Him: [running out of burning house carrying two house plants and three Led Zeppelin CDs] I DIDN’T KNOW WHICH PLANTS YOU WANTED
Doctor: Open your mouth (inserts tongue depressor)
Me: Mmm, this tastes good.
Dr: You should have tasted it when the Popcicle was on it!
Guy at the Xmas tree farm: When you bring it into your house, you need to let it stand in the corner of the room for a while to relax and acclimatise.
Me: Same.
I’ve invented a loaf of bread that says ‘Good Morning!’ in German.
I’ve also invented one that just says ‘Morning!’ in German, that’s the guten-free version.
I adopt cats because I can’t have any of my own.
*knocks on neighbor’s door*
May I borrow a cup of sleep?
The local children surround me, trying to build a pyre. I’M NOT A WITCH, I shriek, my witch-like shrieking doing me no favours whatsoever
I heard you like bad girls. Well I’m bad. At everything. Winks at you with both eyes.
The best way to remember your wife’s birthday is to forget it once.
Don’t take this the wrong way, but you’re all horrible sinners and you’re going to hell.
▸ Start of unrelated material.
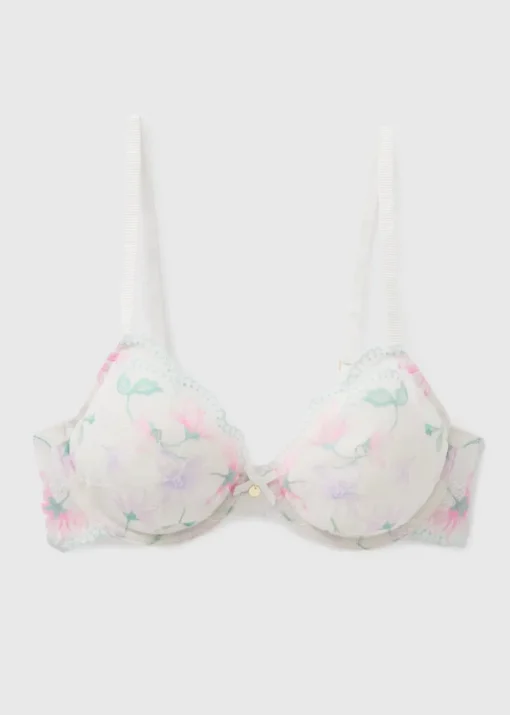 Cream Floral Non Padded Bra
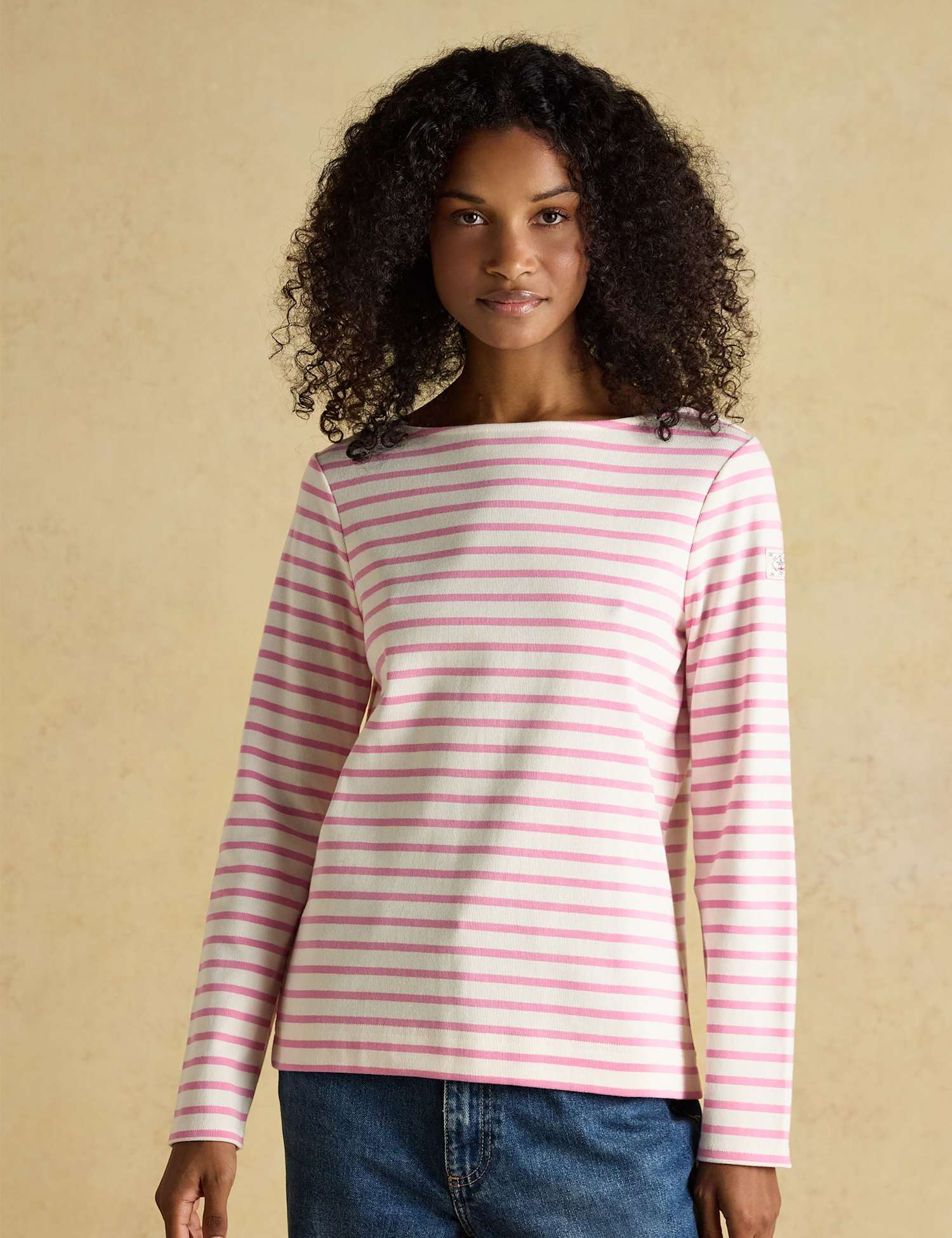 Joules Pure Cotton Striped Top Pink Mix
Go ahead and kidnap me. You’ll return me when my meds wear off.
My wife is playing hard to get.
Rid of.
COP: “How’d the pizza go missing?”
HIM: “It was the cat.”
COP: “There was no cat.”
HIM: “Someone broke in.”
COP: “The doors were locked.”
HIM: “It wasn’t me.”
COP: “There’s cheese on your nose.”
HIM: “I want a lawyer.”
A political analyst said we can defeat ISIS by “crippling them financially” so maybe we can sneak into Syria and build them a Whole Foods.
Some people don’t like awkward silences but I do because that’s when I think about Thundercats.
[lying on the couch, one leg hanging off the side, face and shoulder smashed against the arm, other leg and one of my hands completely asleep] well as long as the cat is comfortable
Search History:
Cat armor
Buy armor for cats
Cat jousting tournaments
How to stop armored cats
Cat army how to stop
national guard phone #
My attempts to purge my possessions always seem to result in me rediscovering that I have lots of nice things, after which I lie happily on my hoard like a dragon
DARTH VADER: I am your father
LUKE: Buy me some jeans then
DV: *reluctantly hands over money* …You better actually buy jeans with this
Any psychic who needs a door bell to let them know someone is there is probably not worth the money.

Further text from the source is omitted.